Infine, un paio di dettagli "accademici". Public Choice insegna cose interessanti, ma per fortuna non passa tempo a discettare troppo sulla natura umana. Insegna invece, ed appunto, che in questi casi i conflitti d'interesse sono "pervasive" e vanno osservati, oltre che controllati. La nostra analisi altro non e' che un'applicazione di PubCh theory, nella quale ci dilettiamo, al caso Alitalia/CAI.
Infine, le scelte governative criticabili fondano e creano il conflitto d'interesse da sanare, non v'e' una cosa senza l'altra. Non sorprendente, peraltro, vista la trave dei conflitti d'interesse che risiede allegra nell'occhio del l'attuale presidente del consiglio.
Anche a noi farebbe piacere si restituisse al mercato cio' che e' del mercato. L'esatto opposto di quanto avviene con Alitalia/CAI.

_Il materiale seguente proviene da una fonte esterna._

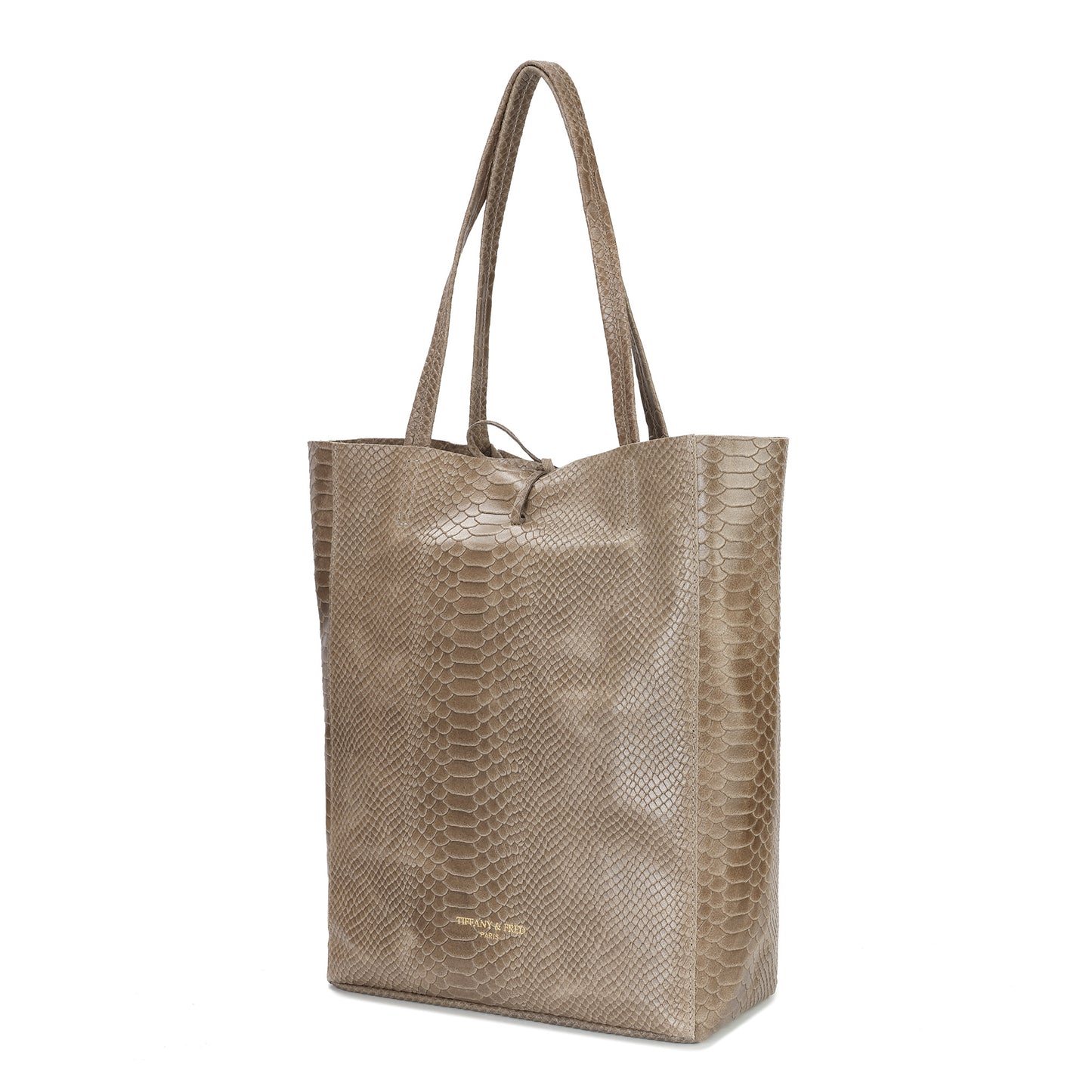Embossed Leather Tote Bag with Top Tie Closure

Michele Boldrin, della redazione di nFA.
Non riesco a capire in che senso la pochezza del governo ombra potrebbe essere un effetto del conflitto di interessi di Colaninno. L'inesistenza del governo ombra pre-esiste l'affare CAI, e ahimé ha tante ragioni, che vanno rintracciate sostanzialmente nella storia recente di una sinistra italiana sbandata e priva di identità. Matteo Colaninno è un bravissimo ragazzo, ma è il genere di erede sbattuto ad occuparsi di affari confindustriali prima e poi di politica. Non esattamente il figlio più scrocco del sior padron.
L'imbarazzo della sinistra, poi, attiene assai più Colaninno padre che figlio.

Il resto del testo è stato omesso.